• [Assignment]
Without adding anything, give again the lines from the one holding "Wire mesh storage" through the final line of the records, exactly, with both ends included and pictures dropped.

• [Records supplied]
---

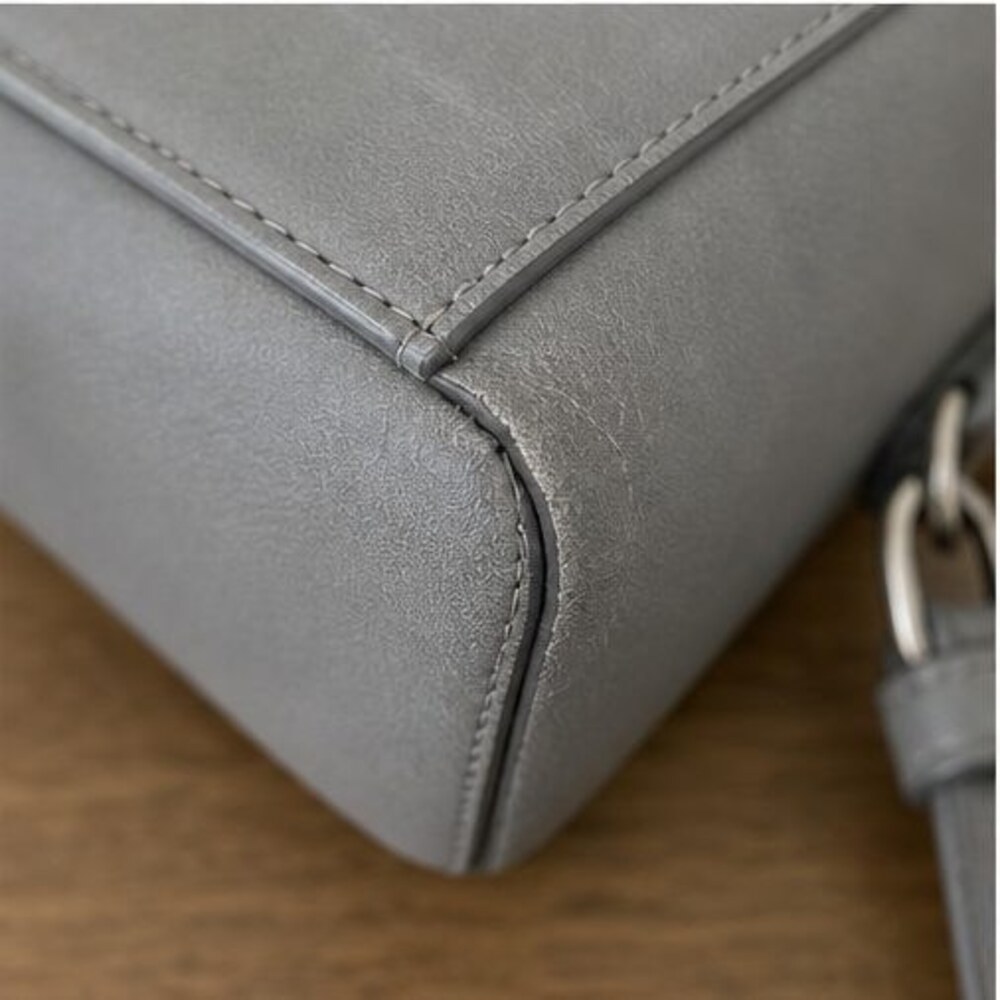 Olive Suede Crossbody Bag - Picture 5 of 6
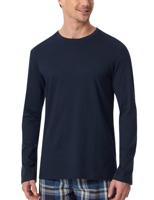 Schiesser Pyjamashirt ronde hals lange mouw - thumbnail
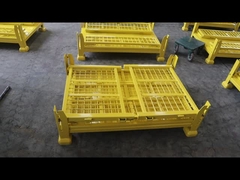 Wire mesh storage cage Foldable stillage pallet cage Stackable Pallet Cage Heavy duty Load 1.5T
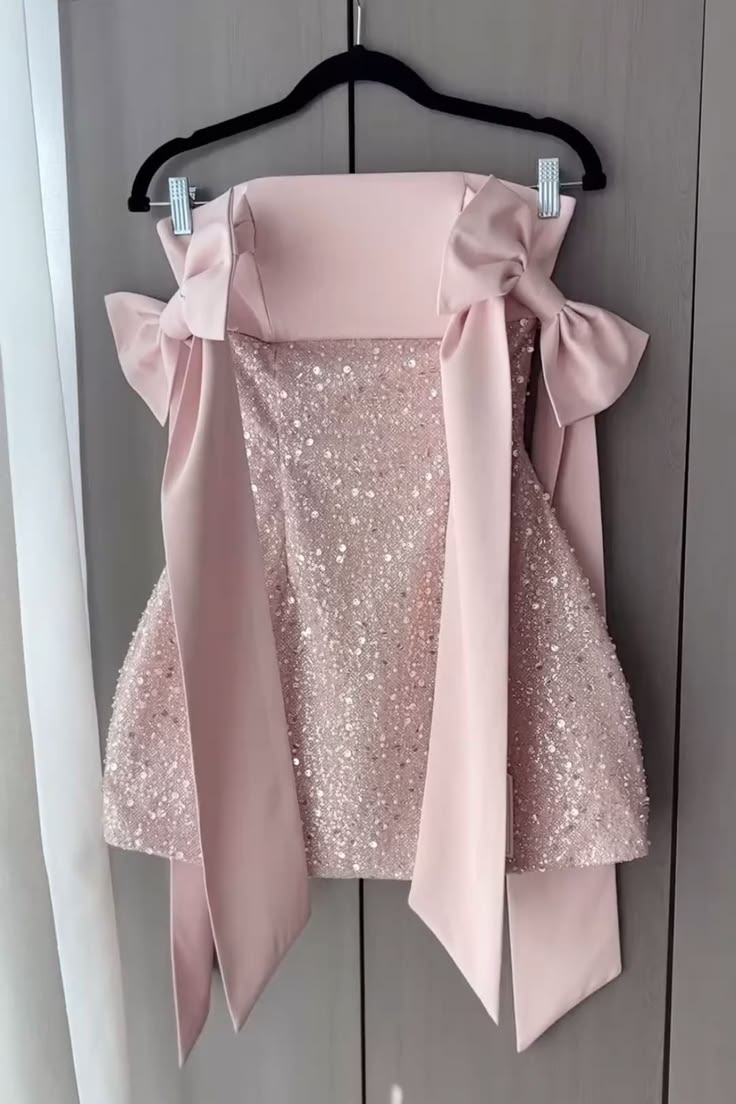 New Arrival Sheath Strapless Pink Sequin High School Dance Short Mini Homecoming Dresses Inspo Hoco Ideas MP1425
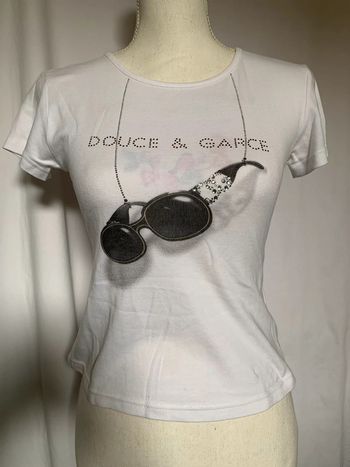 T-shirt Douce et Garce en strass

---

• [Answer for the task]
 Wire mesh storage cage Foldable stillage pallet cage Stackable Pallet Cage Heavy duty Load 1.5T
 New Arrival Sheath Strapless Pink Sequin High School Dance Short Mini Homecoming Dresses Inspo Hoco Ideas MP1425
 T-shirt Douce et Garce en strass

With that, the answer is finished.